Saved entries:
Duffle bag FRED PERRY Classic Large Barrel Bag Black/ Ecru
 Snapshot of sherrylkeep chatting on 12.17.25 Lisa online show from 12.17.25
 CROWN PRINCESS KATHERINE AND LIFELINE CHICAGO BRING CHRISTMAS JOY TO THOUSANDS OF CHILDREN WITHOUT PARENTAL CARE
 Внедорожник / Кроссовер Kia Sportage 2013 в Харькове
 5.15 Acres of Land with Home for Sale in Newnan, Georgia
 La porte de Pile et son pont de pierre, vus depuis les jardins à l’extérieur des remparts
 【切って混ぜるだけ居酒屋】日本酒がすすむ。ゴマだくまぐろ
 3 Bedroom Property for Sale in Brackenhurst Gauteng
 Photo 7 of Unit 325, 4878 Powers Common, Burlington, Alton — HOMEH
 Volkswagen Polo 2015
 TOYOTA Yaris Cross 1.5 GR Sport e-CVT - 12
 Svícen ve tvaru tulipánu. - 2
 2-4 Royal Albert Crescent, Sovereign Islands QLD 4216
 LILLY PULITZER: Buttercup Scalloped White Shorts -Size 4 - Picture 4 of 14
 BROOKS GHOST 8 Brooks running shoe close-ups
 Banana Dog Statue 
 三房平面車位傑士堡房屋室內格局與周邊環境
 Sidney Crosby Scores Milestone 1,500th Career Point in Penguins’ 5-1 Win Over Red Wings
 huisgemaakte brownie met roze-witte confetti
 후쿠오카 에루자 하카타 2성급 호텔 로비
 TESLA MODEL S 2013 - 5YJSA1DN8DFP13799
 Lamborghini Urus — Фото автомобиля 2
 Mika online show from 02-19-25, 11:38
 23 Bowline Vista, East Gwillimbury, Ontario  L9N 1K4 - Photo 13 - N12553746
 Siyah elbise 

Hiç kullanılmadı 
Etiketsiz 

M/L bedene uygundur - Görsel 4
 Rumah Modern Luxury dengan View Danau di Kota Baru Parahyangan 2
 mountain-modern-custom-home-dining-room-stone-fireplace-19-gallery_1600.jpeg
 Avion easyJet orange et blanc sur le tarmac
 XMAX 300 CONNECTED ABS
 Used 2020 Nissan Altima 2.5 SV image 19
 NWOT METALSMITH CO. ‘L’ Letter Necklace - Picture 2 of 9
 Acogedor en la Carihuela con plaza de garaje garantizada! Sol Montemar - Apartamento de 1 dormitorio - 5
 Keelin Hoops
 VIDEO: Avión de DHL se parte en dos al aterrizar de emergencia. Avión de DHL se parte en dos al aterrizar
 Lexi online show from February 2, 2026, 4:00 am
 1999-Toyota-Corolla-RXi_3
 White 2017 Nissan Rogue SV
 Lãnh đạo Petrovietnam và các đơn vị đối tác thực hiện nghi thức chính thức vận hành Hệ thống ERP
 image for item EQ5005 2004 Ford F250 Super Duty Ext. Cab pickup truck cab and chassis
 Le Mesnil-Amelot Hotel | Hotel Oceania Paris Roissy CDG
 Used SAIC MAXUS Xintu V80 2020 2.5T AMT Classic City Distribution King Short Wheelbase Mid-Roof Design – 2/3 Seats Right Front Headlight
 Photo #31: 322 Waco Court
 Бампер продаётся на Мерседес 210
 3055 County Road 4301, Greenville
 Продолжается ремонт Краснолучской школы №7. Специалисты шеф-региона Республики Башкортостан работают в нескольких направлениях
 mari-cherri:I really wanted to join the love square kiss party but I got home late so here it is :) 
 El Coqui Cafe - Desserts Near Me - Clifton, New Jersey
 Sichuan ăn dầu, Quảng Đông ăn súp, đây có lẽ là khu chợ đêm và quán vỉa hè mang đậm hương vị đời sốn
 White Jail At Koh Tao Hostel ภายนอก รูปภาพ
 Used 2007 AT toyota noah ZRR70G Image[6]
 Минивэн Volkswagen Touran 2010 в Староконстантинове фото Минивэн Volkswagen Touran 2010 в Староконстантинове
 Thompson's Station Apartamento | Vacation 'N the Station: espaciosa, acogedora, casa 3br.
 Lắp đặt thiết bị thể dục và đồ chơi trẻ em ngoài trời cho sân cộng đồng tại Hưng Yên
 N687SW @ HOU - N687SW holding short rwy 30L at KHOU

The problem: Given the records above, restate word for word only the lines starting at the one with "Внедорожник / Кроссовер" and ending at the one with "Lamborghini Urus — Фото автомобиля 2".

Your solution:
 Внедорожник / Кроссовер Kia Sportage 2013 в Харькове
 5.15 Acres of Land with Home for Sale in Newnan, Georgia
 La porte de Pile et son pont de pierre, vus depuis les jardins à l’extérieur des remparts
 【切って混ぜるだけ居酒屋】日本酒がすすむ。ゴマだくまぐろ
 3 Bedroom Property for Sale in Brackenhurst Gauteng
 Photo 7 of Unit 325, 4878 Powers Common, Burlington, Alton — HOMEH
 Volkswagen Polo 2015
 TOYOTA Yaris Cross 1.5 GR Sport e-CVT - 12
 Svícen ve tvaru tulipánu. - 2
 2-4 Royal Albert Crescent, Sovereign Islands QLD 4216
 LILLY PULITZER: Buttercup Scalloped White Shorts -Size 4 - Picture 4 of 14
 BROOKS GHOST 8 Brooks running shoe close-ups
 Banana Dog Statue 
 三房平面車位傑士堡房屋室內格局與周邊環境
 Sidney Crosby Scores Milestone 1,500th Career Point in Penguins’ 5-1 Win Over Red Wings
 huisgemaakte brownie met roze-witte confetti
 후쿠오카 에루자 하카타 2성급 호텔 로비
 TESLA MODEL S 2013 - 5YJSA1DN8DFP13799
 Lamborghini Urus — Фото автомобиля 2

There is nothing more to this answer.